$11.37 billion in taxes go to keeping Americans ignorant

When people think of American spies and classified documents, they flashback to the Cold War and the information warfare between the US and the USSR. The government had many secrets back then however, the current administration is now spending more tax dollars than every to secure classified information as well as increasing the amount of classified information at an unprecedented rate. The Asia Times reports on this startling trend:

A government outfit few of us knew existed, the Information Security Oversight Office or ISOO, just released its “Report on Cost Estimates for Security Classification Activities for Fiscal Year 2011” (no price tag given, however, on producing the report or maintaining ISOO). Unclassified portions, written in classic bureaucratese, offer this precise figure for protecting our secrets, vetting our secrets’ protectors (no leakers please), and ensuring the safety of the whole shebang: US$11.37 billion in 2011.

That’s up (and get used to the word “up”) by 12% from 2010, and double the 2002 figure of $5.8 billion. For those willing to step back into what once seemed like a highly classified past but was clearly an age of innocence, it’s more than quadruple the 1995 figure of $2.7 billion.

The official figure for documents classified by the US government last year is – hold your hats on this one – 92,064,862. And as WikiLeaks managed to release hundreds of thousands of them online a couple of years ago, that’s meant a bonanza of even more money for yet more rigorous protection.

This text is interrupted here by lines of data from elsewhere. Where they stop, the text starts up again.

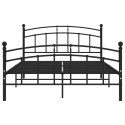 VidaXL Rama łóżka, czarna, metalowa, 200 x 200 cm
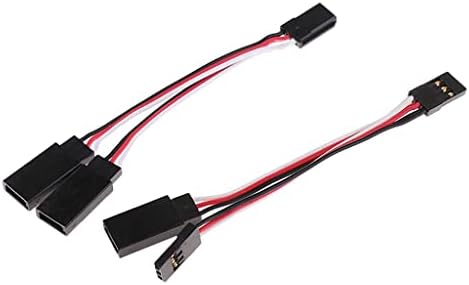 ＫＬＫＣＭＳ Съединител на кабела окабеляването на Y-образна форма 3Pins за RC Car ESC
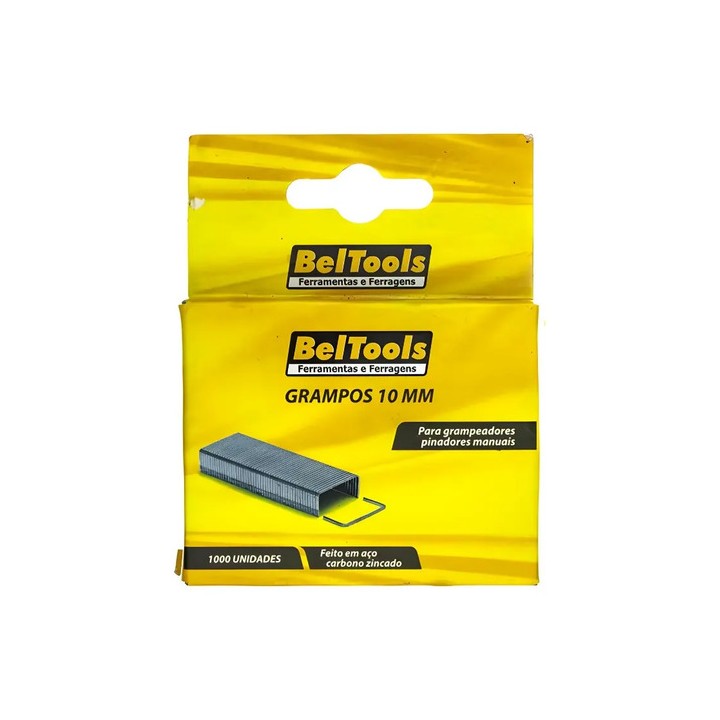 Grampo Pinador Tapeceiro 10mm C/ 1000 Unidades Beltools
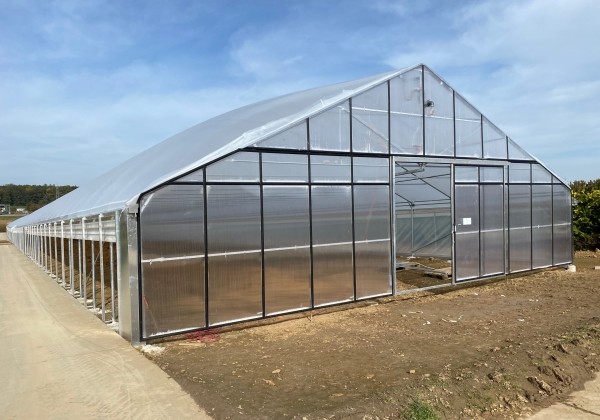 Dubultplēves termo siltumnīca 300 m2 ar montāžu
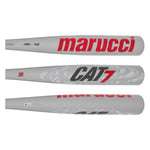 2023 Marucci CAT7 Silver -3 BBCOR 33"/30oz Baseball Bat Alloy Cat 7 MCBC72S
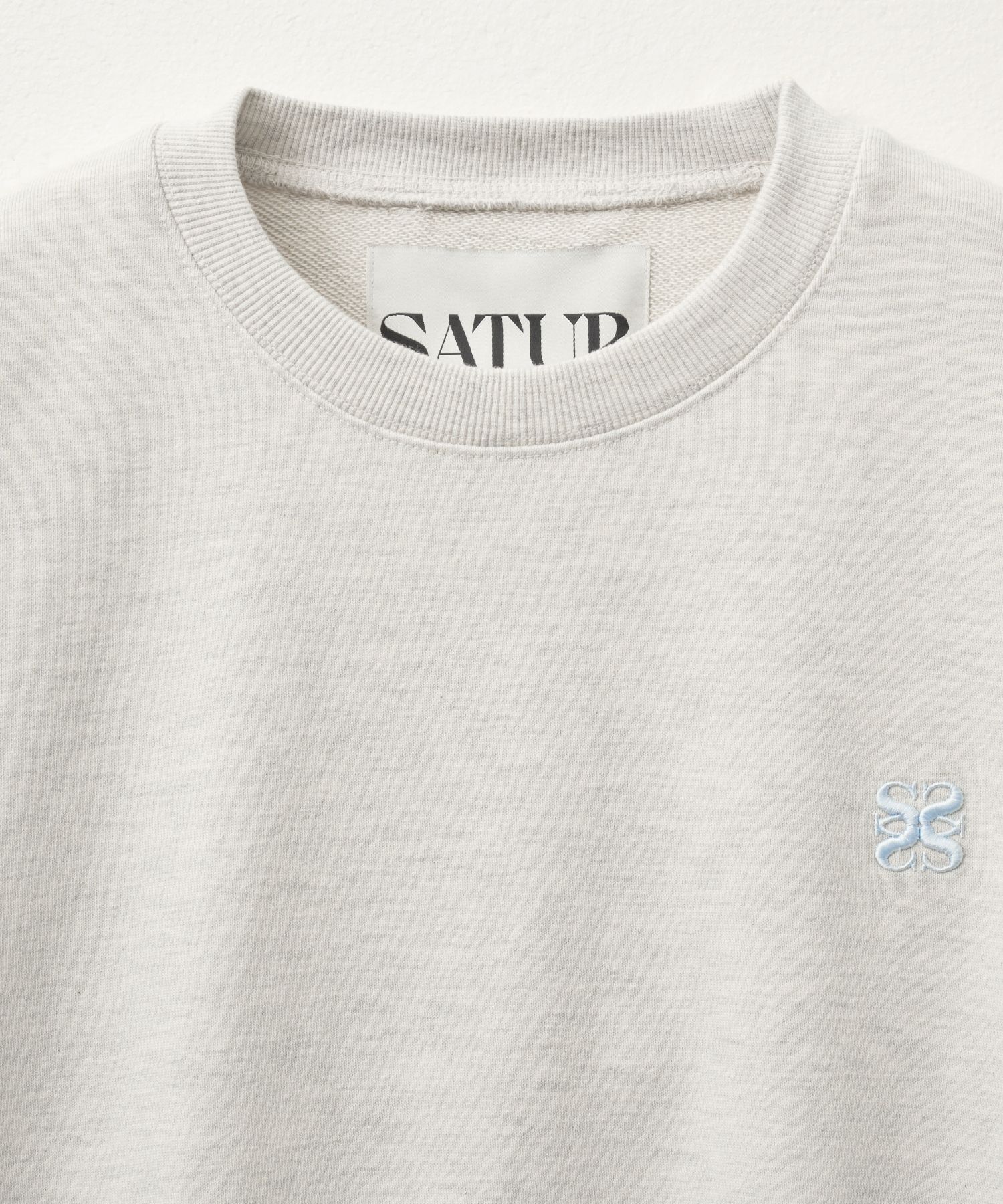 ◆SATUR◆ Classic logo sweatshirt ivory beige SA243UTM05AE MUSINSA | SATUR Classic logo sweatshirt ivory beige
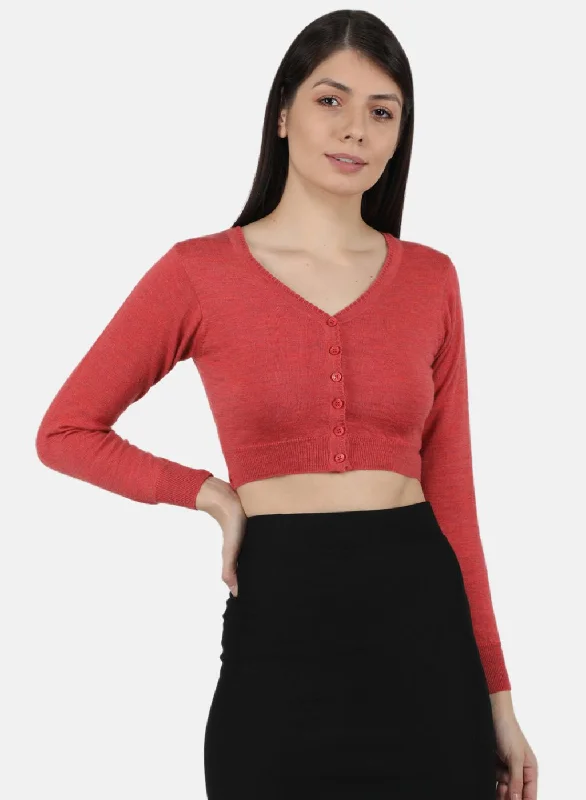 Women Red Solid Blouse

You have to feel at least some dollop of pity for protection bureaucrats like Fitzgerald. While back in 1995 the US government classified a mere 5,685,462 documents – in those days, we were practically a secret-less nation – today, of those 92 million sequestered documents, 26,058,678 were given a “top secret” classification. There are today almost five times as many “top secret” documents as total classified documents back then.